## [Problem to solve]
Reproduce the closing run of lines below verbatim, from the line that contains "Por um Conselho forte e independente" up to and including the final line.

Provided data: Begin

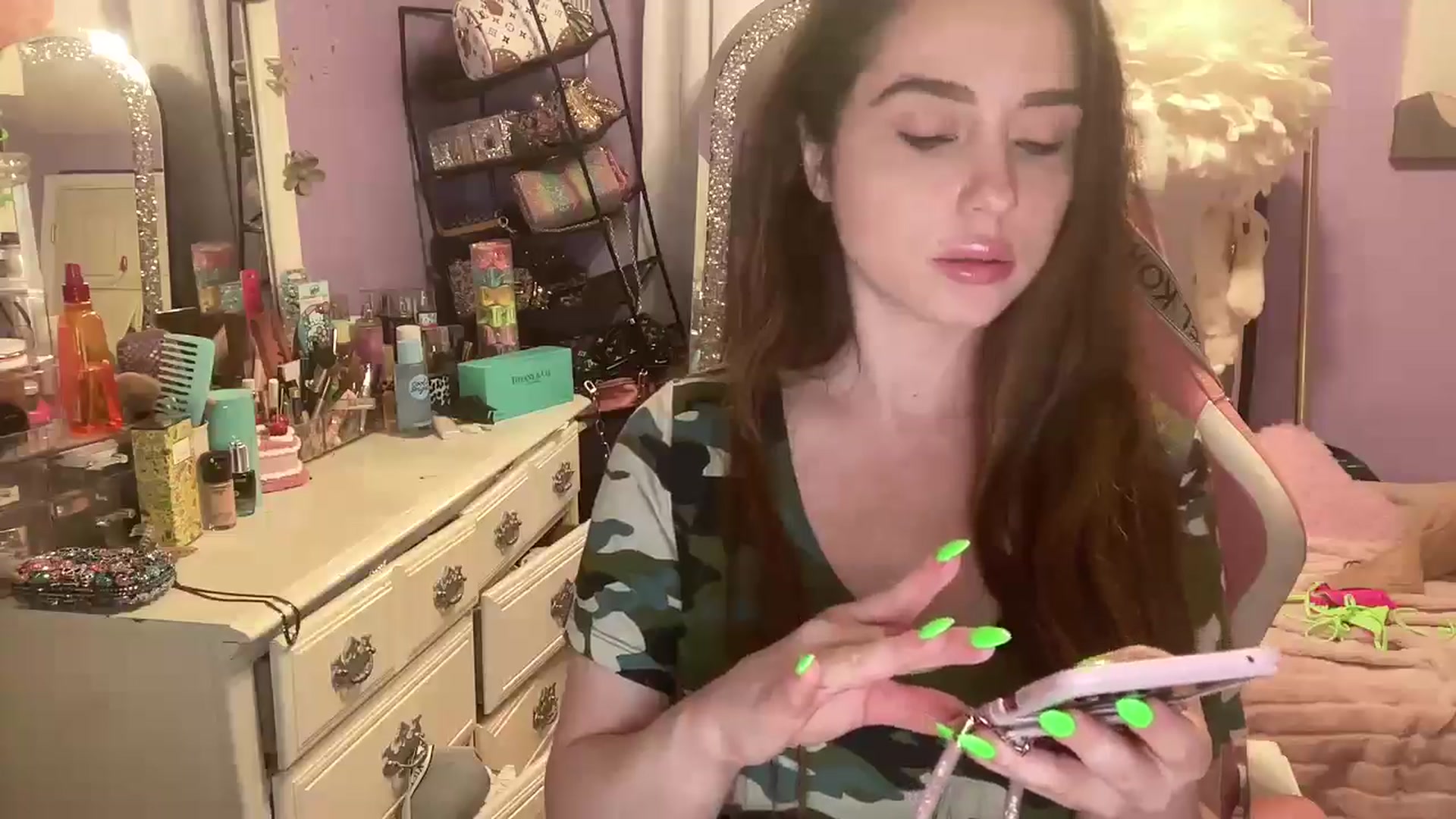 Gallery image thumbnail from Angel_baby124's myfreecams stream on, 06/23/2025, 16:47 image 3 of 20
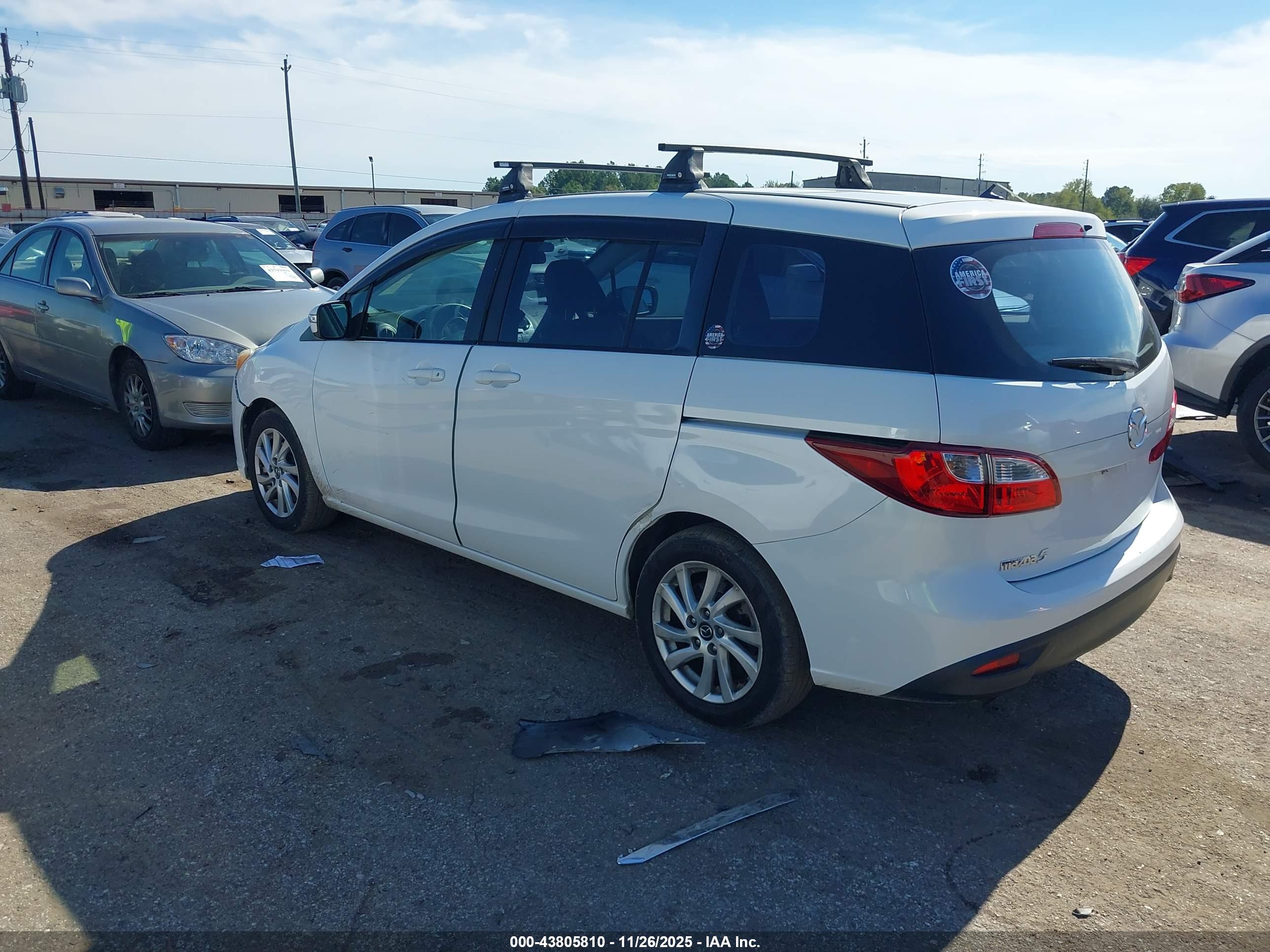 MAZDA MAZDA5 image 3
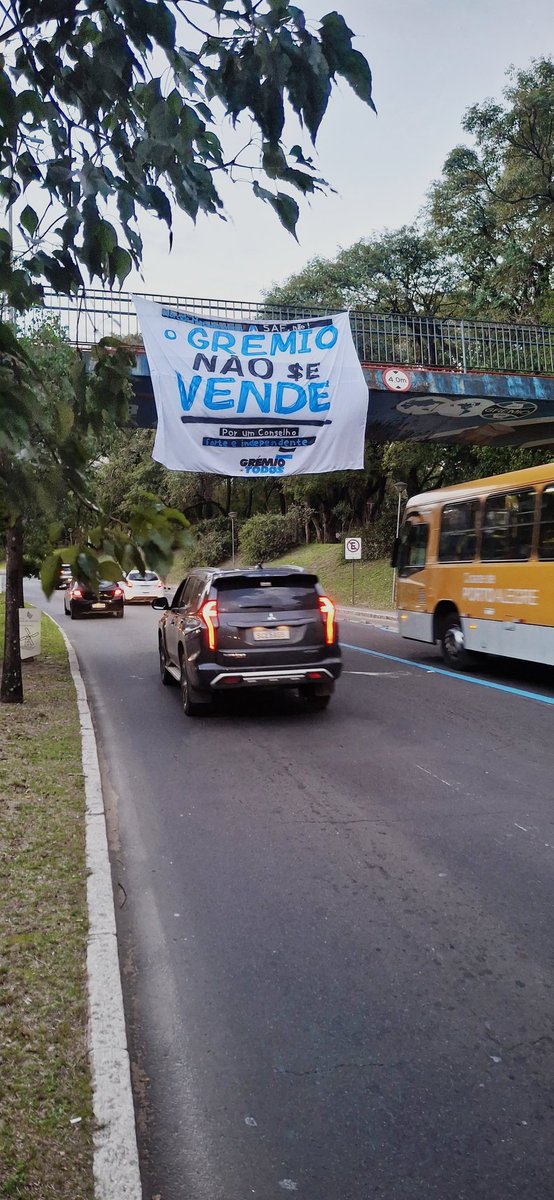 ogremiodetodos's tweet image. O GRÊMIO NÃO SE VENDE
Por um Conselho forte e independente 
#SafNão 

Assine o manifesto: gremiodetodos.com.br/o-gremio-nao-s…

Provided data: End

## [Task answer]
Por um Conselho forte e independente 
#SafNão 

Assine o manifesto: gremiodetodos.com.br/o-gremio-nao-s…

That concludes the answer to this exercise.